◆ **Material supplied**:
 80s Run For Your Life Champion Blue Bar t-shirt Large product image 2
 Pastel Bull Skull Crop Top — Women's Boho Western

==

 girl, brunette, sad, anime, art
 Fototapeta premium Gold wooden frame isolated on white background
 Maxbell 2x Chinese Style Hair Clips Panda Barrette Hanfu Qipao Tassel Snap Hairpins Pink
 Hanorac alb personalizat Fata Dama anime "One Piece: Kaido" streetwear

◆ **What you are asked to do**:
Return, from the material above, every line with the word "anime".

◆ **Reply to the exercise**:
 girl, brunette, sad, anime, art
 Hanorac alb personalizat Fata Dama anime "One Piece: Kaido" streetwear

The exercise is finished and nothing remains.